SOURCE INFORMATION START
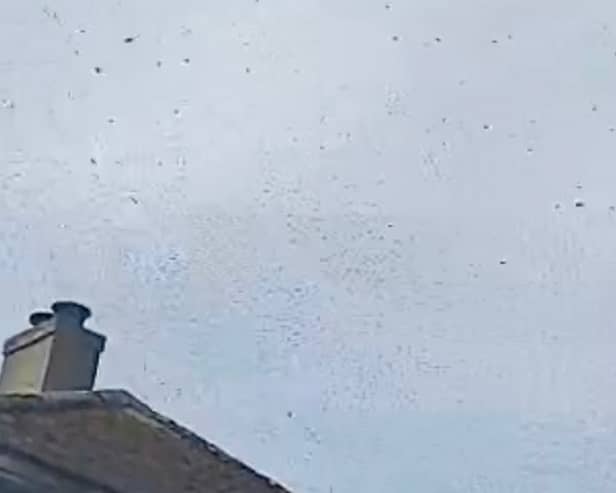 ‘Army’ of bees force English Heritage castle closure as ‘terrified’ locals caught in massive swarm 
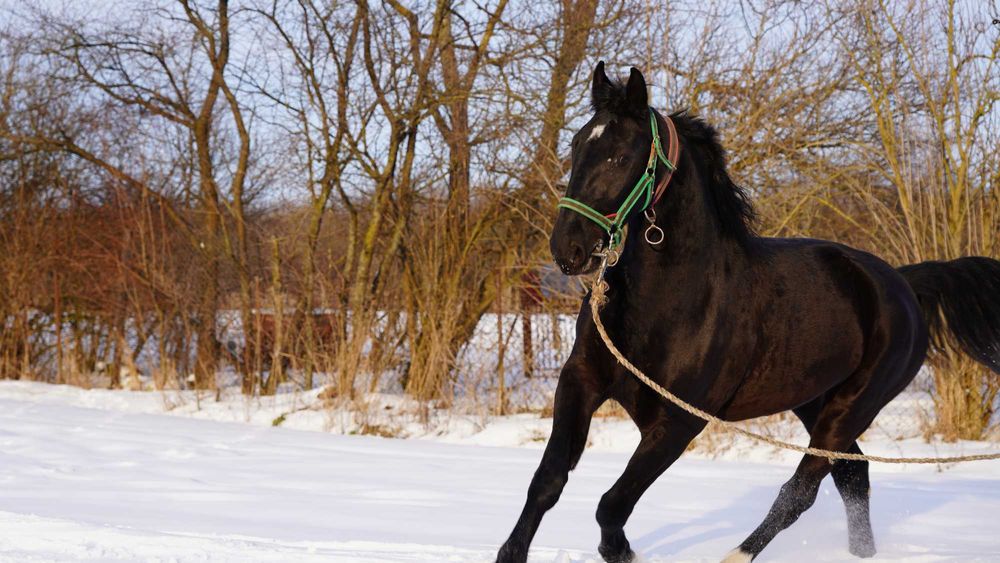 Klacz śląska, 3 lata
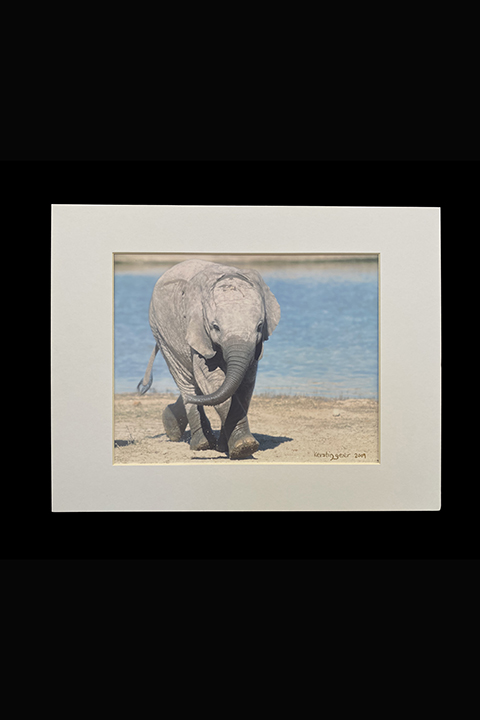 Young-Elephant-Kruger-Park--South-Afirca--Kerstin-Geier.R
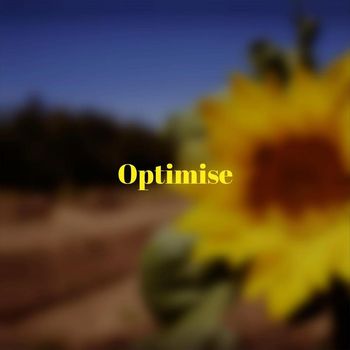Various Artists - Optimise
SOURCE INFORMATION END
SOURCE INFORMATION START
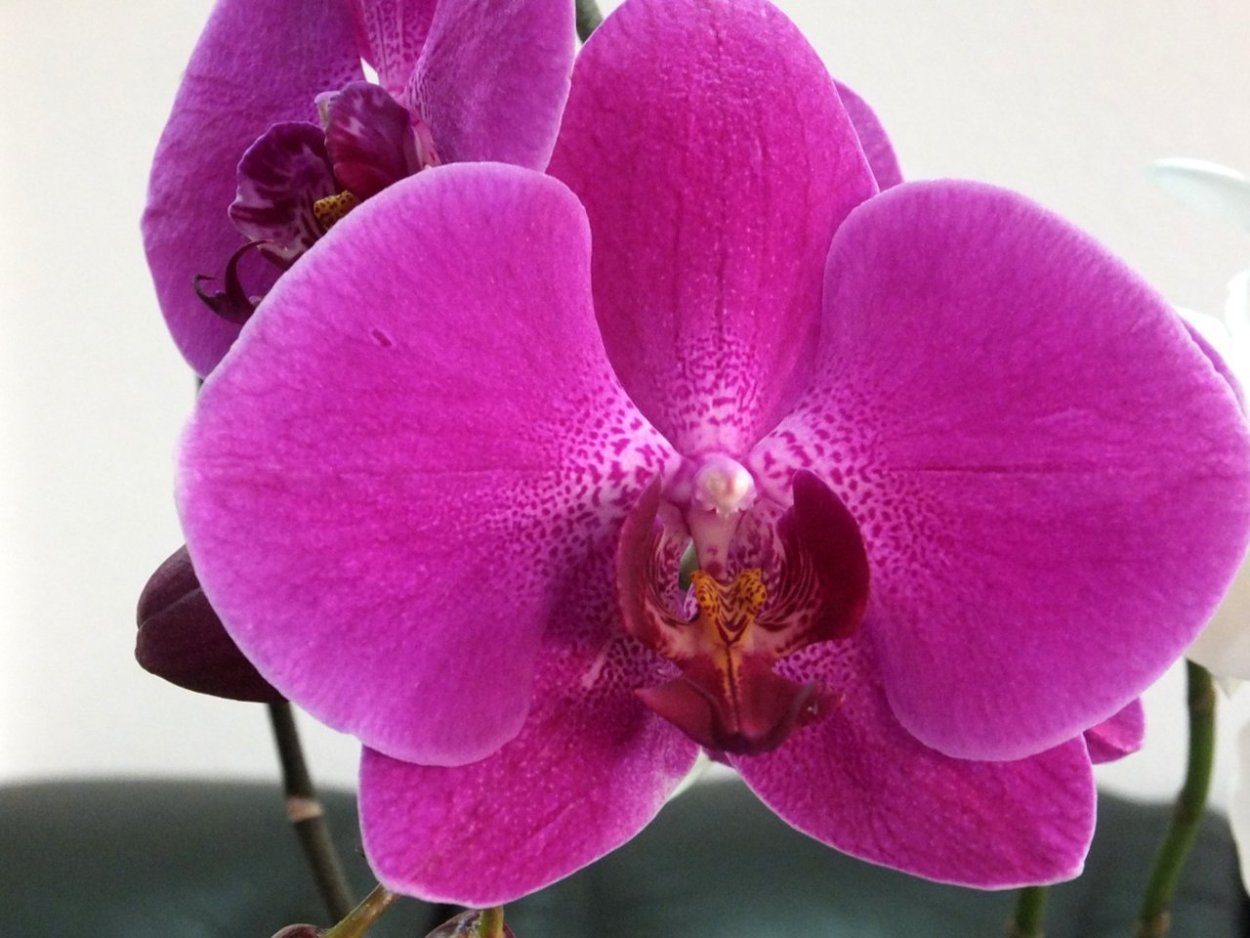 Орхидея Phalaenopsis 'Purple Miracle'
SOURCE INFORMATION END
SOURCE INFORMATION START
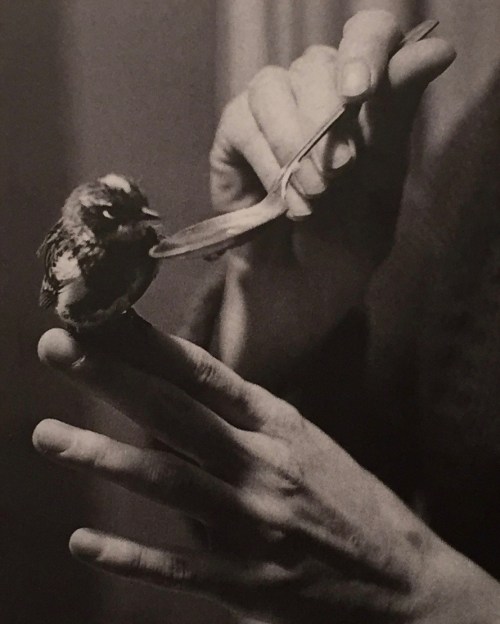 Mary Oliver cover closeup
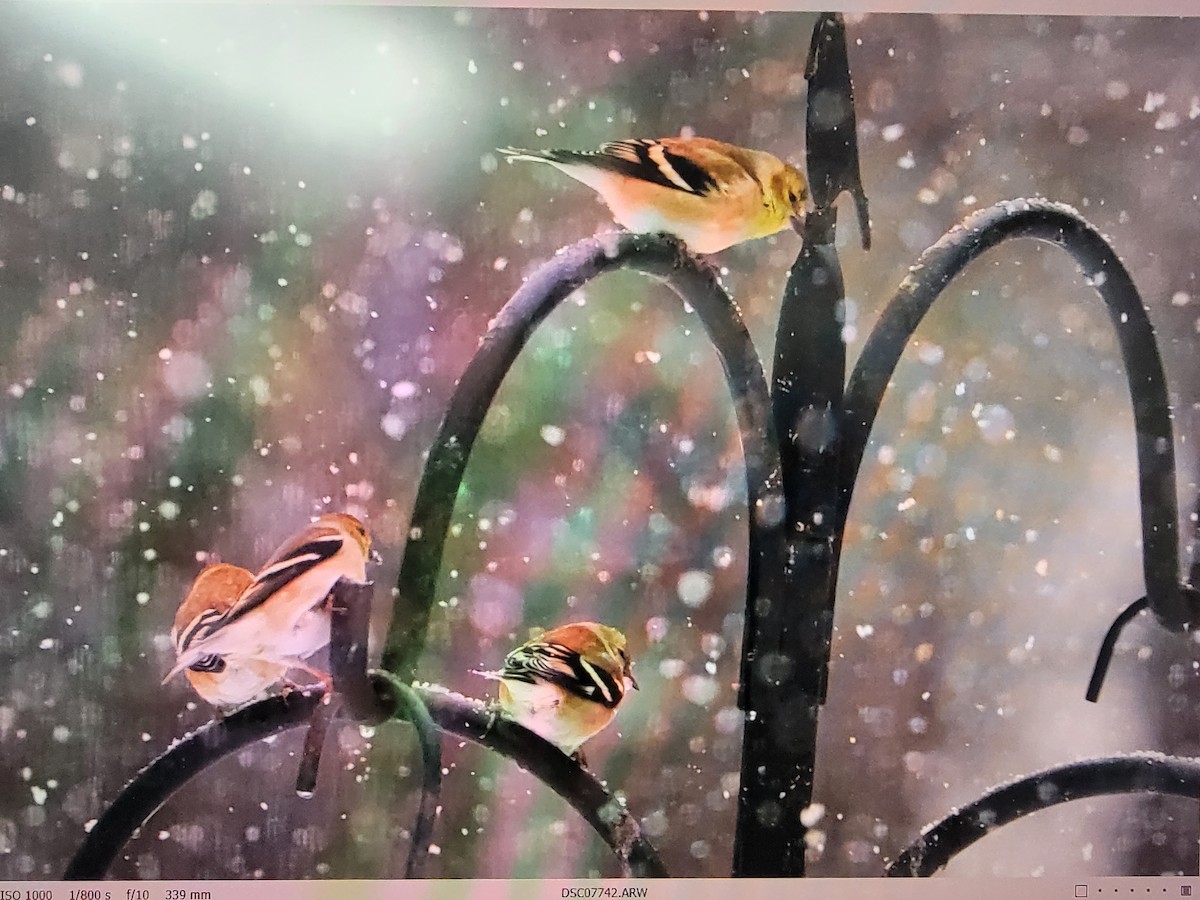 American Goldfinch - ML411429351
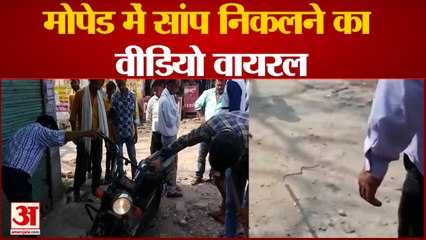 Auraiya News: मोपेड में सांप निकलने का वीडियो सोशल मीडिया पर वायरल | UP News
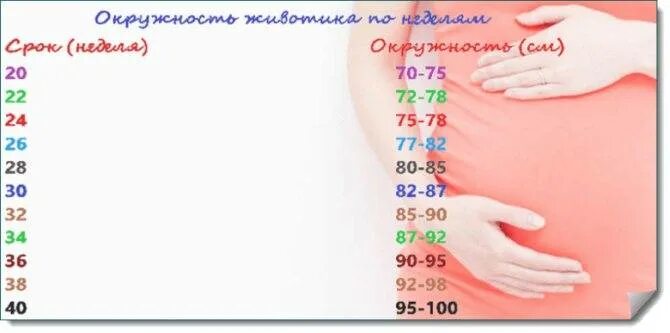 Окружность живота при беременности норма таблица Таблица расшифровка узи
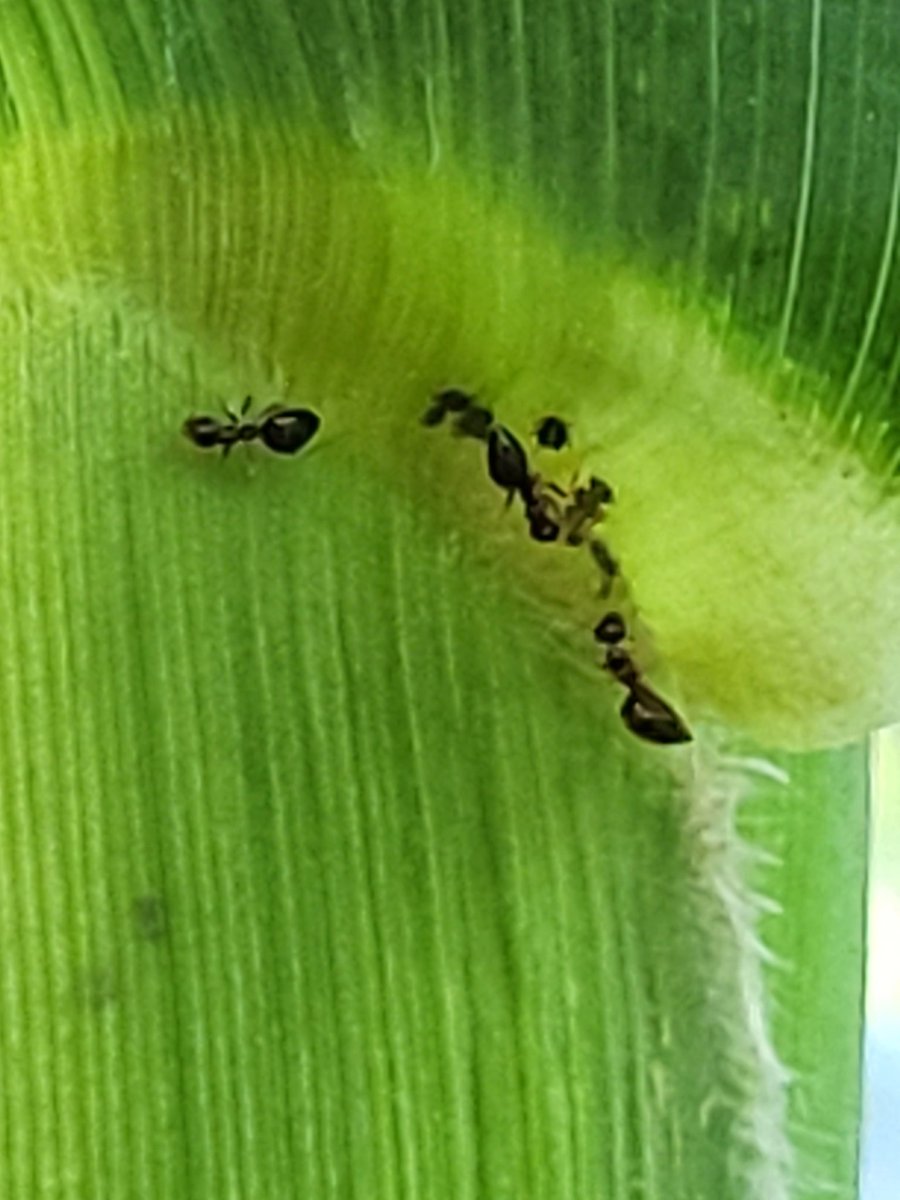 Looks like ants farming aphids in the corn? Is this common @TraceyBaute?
SOURCE INFORMATION END
◆ **TASK**: The material above holds pictures; leave them out and set down exactly the lines from the line with "in massive swarm" to the line with "Various Artists - Optimise", both included.

◆ **RESPONSE**:
 ‘Army’ of bees force English Heritage castle closure as ‘terrified’ locals caught in massive swarm 
 Klacz śląska, 3 lata
 Young-Elephant-Kruger-Park--South-Afirca--Kerstin-Geier.R
Various Artists - Optimise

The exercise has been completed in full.